Last Room

When I first heard the news about the plan to convert the red district of Kalijodo into a green zone, I was inspired to create a photo series about the wall ornaments displayed within the bedrooms and other chambers in the district before their transformation. To me, these ornaments are silent witnesses, which represents the inhabitants of the district in a truly a private setting: the bedroom.

Sex trade in Kalijodo has been around since colonial times. During the Dutch era, ethnic Chinese men escaped from Manchuria to Batavia. Because these men did not bring their wives, they began to look for mistresses in Batavia. The rendezvous between the men and women often happened along the bank of the river now known as Kalijodo.

At the time, the Kalijodo women were called “Ca Bau,” the mistresses of merchants. Cash transactions were common and with time, money and power transformed the place, turning the zone into a cash factory, churning out money not only from sexual transactions, but also gambling, alcohol, drugs and other mafia activities.

I stepped into the “Red Light” district on February 19, 2016, for the first time, entering the rooms already left behind by sex workers. The smell was putrid, with traces of cheap perfume and urine. I had to use the flash light from my cell phone to observe the ornaments still up on the walls: posters of local and foreign celebrities, fairy tale characters, pictures of toddlers, verses from the Koran.

In the semi-private rooms separated by dividers, amid the racket of the café and brothel, are hidden noises that speak of the hopes, dreams, and yearnings of their inhabitants. These wall ornaments are a kind of visual note, from the imitative, the soothing, to the confessional of the play-acting that these individuals have to endure.

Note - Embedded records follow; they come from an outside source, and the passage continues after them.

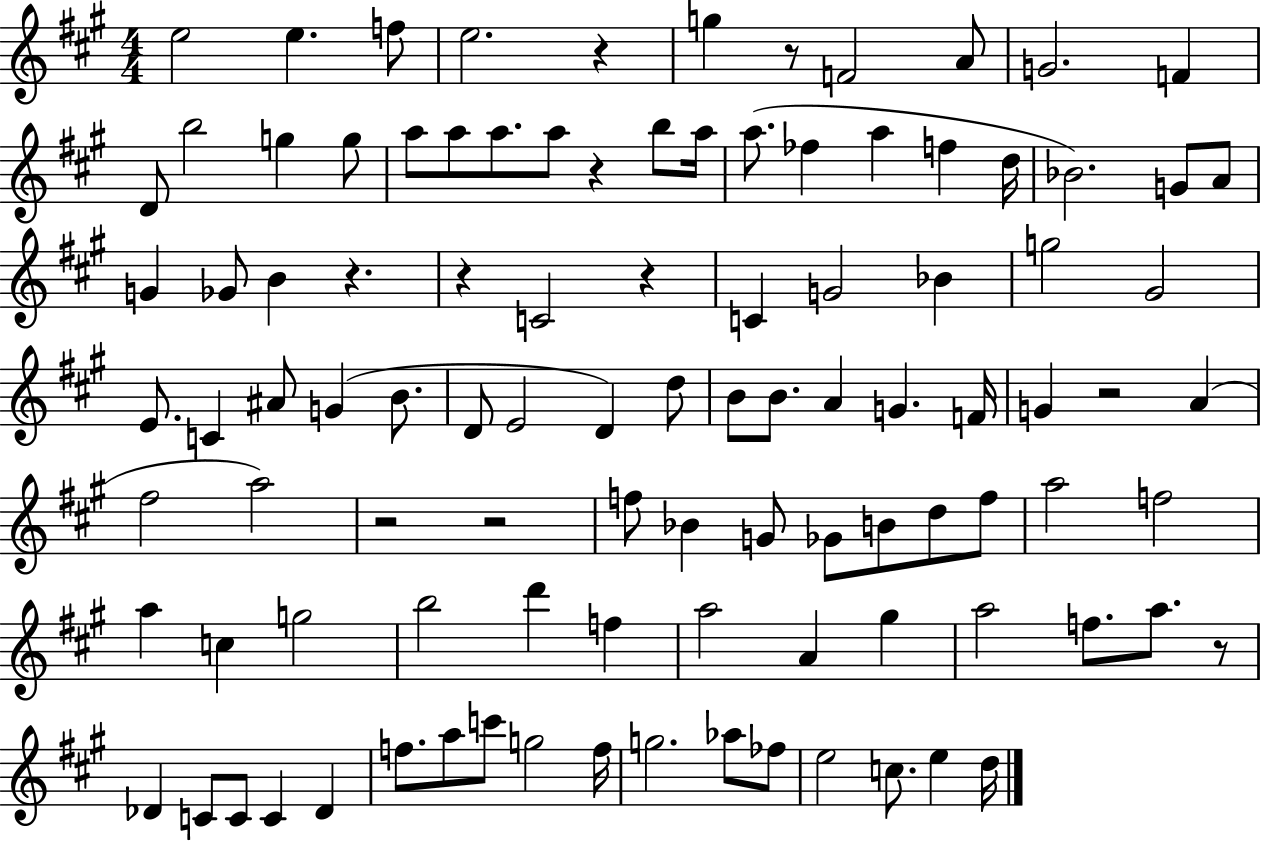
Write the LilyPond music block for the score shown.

{
  \clef treble
  \numericTimeSignature
  \time 4/4
  \key a \major
  e''2 e''4. f''8 | e''2. r4 | g''4 r8 f'2 a'8 | g'2. f'4 | \break d'8 b''2 g''4 g''8 | a''8 a''8 a''8. a''8 r4 b''8 a''16 | a''8.( fes''4 a''4 f''4 d''16 | bes'2.) g'8 a'8 | \break g'4 ges'8 b'4 r4. | r4 c'2 r4 | c'4 g'2 bes'4 | g''2 gis'2 | \break e'8. c'4 ais'8 g'4( b'8. | d'8 e'2 d'4) d''8 | b'8 b'8. a'4 g'4. f'16 | g'4 r2 a'4( | \break fis''2 a''2) | r2 r2 | f''8 bes'4 g'8 ges'8 b'8 d''8 f''8 | a''2 f''2 | \break a''4 c''4 g''2 | b''2 d'''4 f''4 | a''2 a'4 gis''4 | a''2 f''8. a''8. r8 | \break des'4 c'8 c'8 c'4 des'4 | f''8. a''8 c'''8 g''2 f''16 | g''2. aes''8 fes''8 | e''2 c''8. e''4 d''16 | \break \bar "|."
}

The “play” was a last resort or a shortcut to making it in the capital and to provide for family members at home.

On the one hand, the DKI Jakarta administration’s decision to convert Kalijodo into a green zone was made for the benefit of the people, but on the other hand, the residents of Kalijodo had their own “policy” or “wisdom” in fighting to survive—in their own way—even if they had to go against social and religious norms.